• Exercise goal:
Repeat the lines below exactly as written, please, from the line with "确保TP钱包安全是每个用户必" to the line with "strong3. TP钱包的交易费用是如何计算的？/strong", both lines included, and no others.

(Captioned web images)
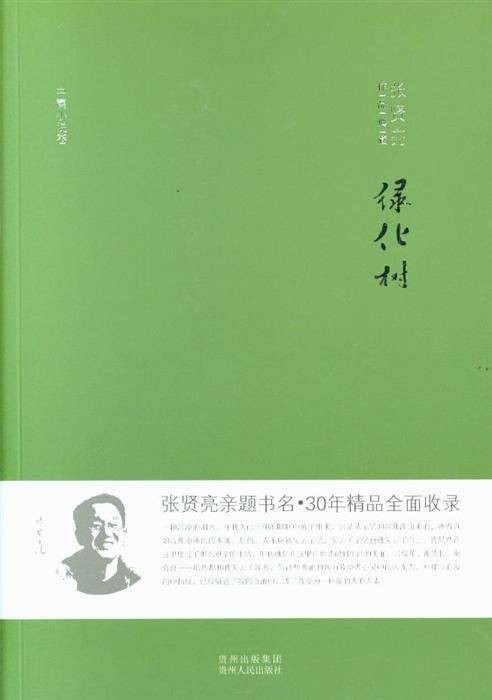绿化树（张贤亮创作中篇小说）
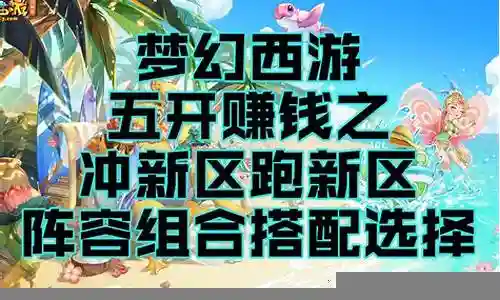 五开跑环推荐阵容搭配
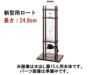 【kalita/カリタ】水出し器15人用 ロート  45133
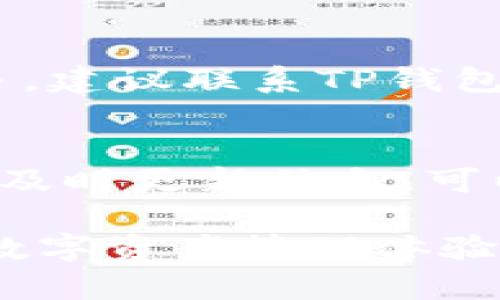   TP钱包客服请求次数超限的解决方案与预防指南 / 

 guanjianci TP钱包, 客服请求超限, 钱包问题解决, 客服支持, 区块链技术 /guanjianci 

在当前数字货币迅猛发展的环境中，TP钱包作为一种广泛使用的数字资产管理工具，受到了不少用户的青睐。然而，随着用户数量的增加，TP钱包的客服系统也面临了一些挑战，包括“客服请求次数超限”这一问题。那么，具体是什么原因导致了这个问题？我们应该如何有效解决以及预防这一问题？本文将深入探讨这一主题并提供详细的解决方案。

一、TP钱包客服请求超限的原因

当用户在TP钱包中遇到问题时，首先会联系服务支持。然而，在某些情况下，用户会收到“客服请求次数超限”的提示。这通常是以下几个原因造成的：

1. **用户数量激增**：随着TP钱包用户数量的增加，客服系统负载加重，导致系统限制请求次数，以确保每个用户都能获得及时的帮助。尤其是在市场波动较大的时候，用户咨询量急剧上升，导致超出系统承受范围。

2. **技术问题**：有时候，TP钱包的服务器可能由于维护或技术问题而出现故障，造成部分用户在短时间内无法准确获取客服回应。这种情况下，系统会自动限制请求频率，以防止服务器因请求过多而崩溃。

3. **用户操作不当**：一些用户可能因为没有仔细阅读服务条款和使用说明，频繁提交相同的请求，造成系统的请求次数限制。用户应在发送请求前，确保自己的问题没有得到解决，并避免不必要的重复请求。

二、如何解决客服请求次数超限的问题

当你遇到“客服请求次数超限”的提示时，有几个可行的解决方案：

1. **等待一段时间**：这是最简单的解决办法。通常，一段时间后，客服系统会自动重置请求次数。建议用户等待几分钟至一小时后再次尝试。这适用于大多数用户普遍面临的问题。

2. **提交在线反馈**：如果问题急需解决，用户可以通过TP钱包的官方网站或社交媒体渠道提交在线反馈。虽然这种方法可能需要等待更长时间的响应，但有些用户可能会在此过程中得到更全面的问题解答。

3. **查看FAQ或用户指南**：TP钱包官网通常会有常见问题解答和用户指南的板块，用户可以在遇到问题时先自行查找相关解答，有助于减少不必要的客服请求。

4. **使用其他联系方式**：如果客服请求次数超限，用户可以尝试使用其他渠道联系支持团队，例如通过电子邮件或微信群组。某些用户可能发现通过这些渠道能更快得到回应。

5. **调整咨询内容**：用户可以对自己的咨询进行修改，尝试提出全新的问题，避免系统因识别为重复请求而依然限制请求次数。

三、预防客服请求次数超限的措施

预防是最有效的解决策略。在TP钱包使用中，采取一些预防措施能够帮助用户避免遭遇客服请求次数超限的问题：

1. **主动了解产品**：用户应仔细阅读TP.wallet的使用条款，官方网站和社区中提供的教育资源，了解钱包的功能和使用规则。熟悉产品可以减少在使用过程中遇到的问题。

2. **申请客服账号**：用户可以申请客服账号，通过该账号优先处理客服求助，系统会优先处理认证用户的请求，降低超限的风险。

3. **合理安排请求周期**：用户在进行多次咨询时，建议合理安排请求周期，避免短时间内频繁提交请求。确保先还原问题或询问一次能否得到解决后，再决定是否联系客服。

4. **使用社区资源**：TP钱包周边有很多用户社区和论坛，用户可以尝试在这些社区中寻求帮助，获得更多用户的经验和建议。许多用户在社区中分享了他们解决问题的经验和方法。

5. **反馈有用的信息**：用户在与客服沟通时，提供详细具体的问题描述，能减少来回询问的时间，提升解决问题的效率，从而降低因频繁请求而导致的超限。

四、常见问题分析

在使用TP钱包的过程中，用户可能会问到以下几个问题：

strong1. 如何避免钱包安全问题？/strong
确保TP钱包安全是每个用户必须关注的问题。用户应该采取措施确保钱包的私钥不会泄露，使用复杂的密码并定期更换密码。同时，用户应当启用双因子认证，增强账户的安全性。此外，用户还应定期检查交易记录，确保没有未经授权的交易发生。如果发现异常情况，及时与客服取得联系以获得帮助。

strong2. 如果手机丢失，如何找回我的TP钱包？/strong
如果手机丢失，而用户仍然拥有钱包的私钥或助记词，用户可以在其他设备上重新下载TP钱包应用并通过私钥或者助记词进行恢复。这才是找回钱包的有效方式，因此，用户应务必妥善保管自己的私钥和助记词。建议备份并存放在安全的地方，避免在云盘等容易被盗的地方存储。

strong3. TP钱包的交易费用是如何计算的？/strong
TP钱包的交易费用主要由区块链网络的拥堵程度决定，通常在用户进行交易时会显示预计的交易费用。此外，一些平台可能会有额外的交易手续费。用户可以在进行交易前查看交易确认的时间和费用的预估，调整费用以加快交易的速度，但也要确保费用合理，以免造成不必要的支出。

strong4. 我该如何处理交易失败的情况？/strong
在TP钱包中，若出现交易失败情况，首先用户应检查交易信息，确认是否为网络问题。在此情况下，用户可以尝试重新发送交易，并确保网络环境良好。若错误次数过多，建议联系TP钱包客服寻求帮助，提供详细的失败信息以获得解决方案。

strong5. 如何提高为TP钱包客服获得支持的效率？/strong
为了提高客服支持的效率，用户在联系TP钱包客服时，应提前准备好问题的具体描述及可能的截图，沟通清晰简洁。使用官方专属渠道联系，并遵循客服团队的指引，及时更新信息，可以提升获得帮助的速度。此外，避免重复提交同一请求，也是提高效率的重要因素。

综上所述，TP钱包的客服请求次数超限问题，虽然在某些情况下会影响用户体验，但通过适当的解决方案与预防策略，用户能够有效应对相关的问题，享受更流畅的数字资产管理体验。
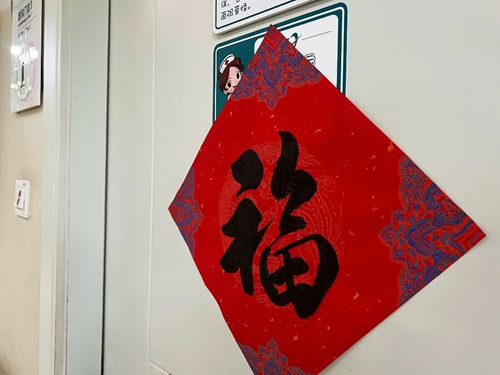 微信图片_20250129122910.jpg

• Response area:
确保TP钱包安全是每个用户必须关注的问题。用户应该采取措施确保钱包的私钥不会泄露，使用复杂的密码并定期更换密码。同时，用户应当启用双因子认证，增强账户的安全性。此外，用户还应定期检查交易记录，确保没有未经授权的交易发生。如果发现异常情况，及时与客服取得联系以获得帮助。

strong2. 如果手机丢失，如何找回我的TP钱包？/strong
如果手机丢失，而用户仍然拥有钱包的私钥或助记词，用户可以在其他设备上重新下载TP钱包应用并通过私钥或者助记词进行恢复。这才是找回钱包的有效方式，因此，用户应务必妥善保管自己的私钥和助记词。建议备份并存放在安全的地方，避免在云盘等容易被盗的地方存储。

strong3. TP钱包的交易费用是如何计算的？/strong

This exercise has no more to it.